During the great debate over construction of a municipal sewer system at the 

end of the 1880s, "Cosmopolitan" saw the river as a means of resolving the 

dilemma of sewage disposal.  While letters on the sewer debate are contained 

elsewhere in this anthology, "Cosmopolitan's" letter is placed here because it 

reflects the way many residents looked upon their river.  For yet another 

vision of the river's future, see G. W. Brigg's unique proposal in the chapter 

on sewers.

                          {Times, Dec. 6, 1887, p. 2}

                           A Wholesale Misdemeanor.

              Los Angeles, Dec. 5.--[To the Editor of The Times.]  

         Yesterday was dumped into the river channel, just below 

         Seventh street, the remains of eighty animals burned and 

         suffocated in the terrible catastrophe at Covarrubias' 

         stable.  Forty tons more or less of dead horse to putrify and 

         breed typhoid fever in that vicinity and on the adjacent 

         Boyle Heights.  Now, it is contrary to city ordinance to bury 

         even one dead animal within the city limits, but the Herald 

         says the Street Superintendent made an exception in this case 

         and gave permission.  Now, I assert the Street Superintendent 

         could no more give such permit than I could.  Neither could 

         our Mayor, Chief of Police or any other official authorize 

         the violation of any city ordinance, and I call upon our 

         worthy Mayor, Chief of Police and City Attorney to vindicate 

         the law in this and every other such case and bring the 

         guilty parties to justice.  Otherwise we may quickly look for 

         pestilence "if not war and famine" in our hitherto healthful 

         and beautiful city.

                                     PRO BONO PUBLICO.

                         {Times, July 24, 1889, p. 3}
                             Los Angeles Drainage.

              Los Angeles, July 15.--[To the Editor of The Times.]  

         The proper drainage for the city of Los Angeles is, of 

         course, the course of the Los Angeles River.  This 

         proposition, considered in all its bearings, can hardly be 

         disputed.  If not self-evident it is capable of 

         demonstration, at least so it appears to us.  The river runs 

         directly through the city from end to end, much as the Thames 

         runs through London, or the Seine through Paris, the Spree 

         through Berlin, the Danube through Vienna, the Tiber through 

         Rome, and as the Euphrates ran through Babylon, and so on ad 

         infinitum.  The Los Angeles River is not a very formidable 

         stream in dry times, but it sometimes swells to an enormous 

         volume, bearing away buildings by the score, if not hundreds.  

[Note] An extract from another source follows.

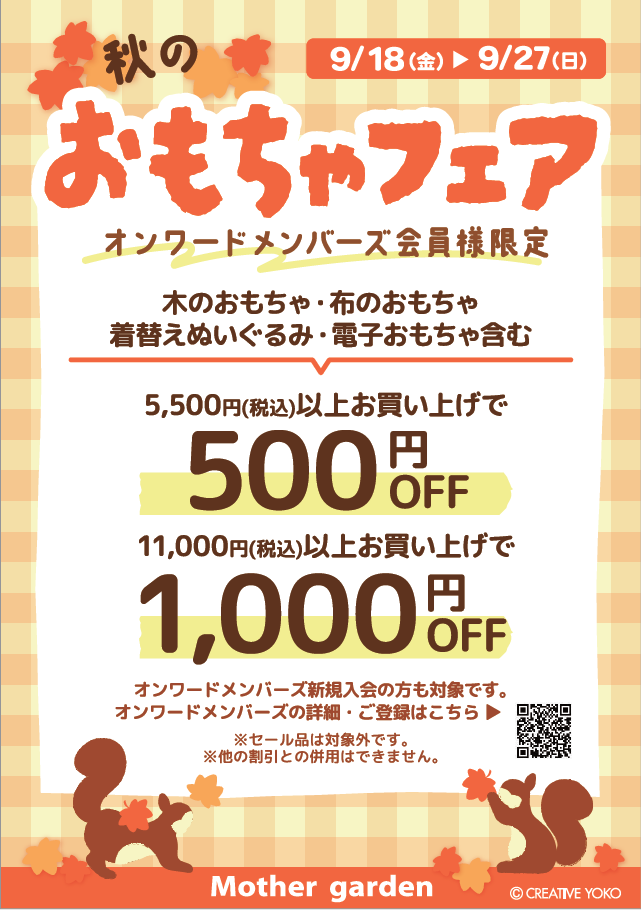 【なごみ雑貨】秋のおもちゃフェア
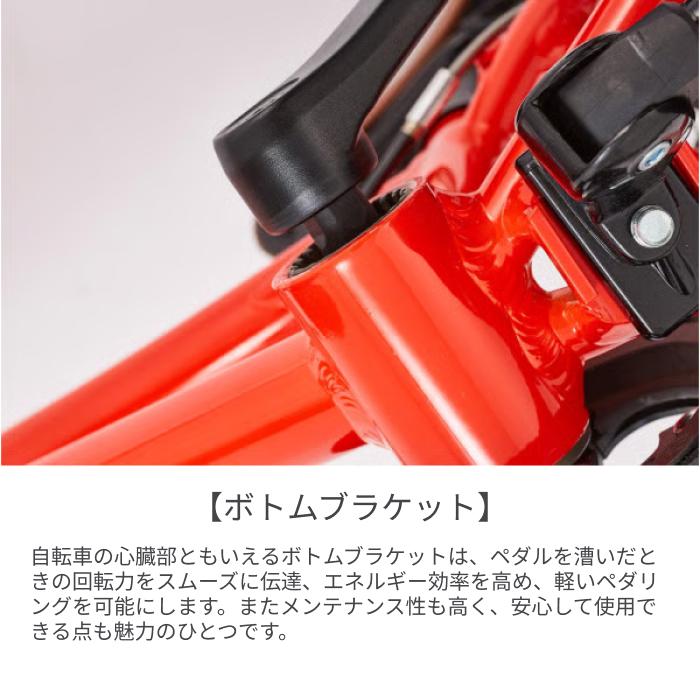 こども用自転車 wimo(ウィーモ) 16インチ wimo kids 16 : 自転車通販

         Though not navigable for commerce, it affords for all seasons 

         an abundance of water for all the purposes required by the 

         city--as for domestic uses, for fires, for flushing sewers, 

         and for irrigation, besides which a goodly stream ever runs 

         to waste, so to speak.  The water required for flushing the 

         sewers of the city is the water to be considered in 

         connection with the question of drainage, and that water can 

         properly be returned to its natural channel when it has 

         accomplished the purpose for which it was diverted, as is the 

         case generally with water in cities similarly situated.  How 

         soon, in any case, it shall be returned or what additional 

         service, as of irrigation, it shall be required to perform 

         during its diversion is a matter resting in the sound 

         discretion of the authorities having the matter in charge, 

         but what we mean to insist upon is, that the course of the 

         Los Angeles River is the natural and proper outlet for the 

         sewage of Los Angeles city.  It is of little concern whether 

         the flushing water ever finds its way back to unite with the 

         other waters of the river or not.  The proper outfall for it 

         may be in the stream far below the town, or it may be on the 

         sandy bottom lands or arid plains adjoining the river away 

         off to the south or southeast of the city.  To such 

         disposition of the sewer water no one would have a right to 

         complain, for it would be precisely the drainage provided by 

         Nature.  The water would go in that direction if not diverted 

         or used at all, and why should it not be permitted to flow in 

         the same general direction after it has served its purpose of 

         cleansing the city?  But a still more important question is:  

         Why should a portion of the river's water, even though laden 

         with garbage, be turned aside, at great expense, and to the 

         annoyance of whole communities, and be conducted over hill 

         and through dale to the distant ocean?  That sort of a scheme 

         savors too much of jobbery.  It is not charged that such is 

         the motive, but only that it has such an appearance to one 

         perched upon the top of a lamp-post.  There is a natural way 

         to get through with this business, and an unnatural way.  The 

         former can excite no hostility, while the latter is sure to 

         meet with opposition, because it is not in accordance with 


              The people living along the Thames below London, or 

         along the Seine below Paris, are doubtless annoyed by the 

         corruption of the river water, but their complaints are 

         silenced by the laws of Nature governing the flow of the 

         river, and so would be the people occupying the borders of 

         lower Los Angeles River should they be disposed to find fault                                               

         because the good city of Los Angeles neglected to contract 

         for their delectation a new river of brick, leading off in an 

         entirely different direction, to the ocean.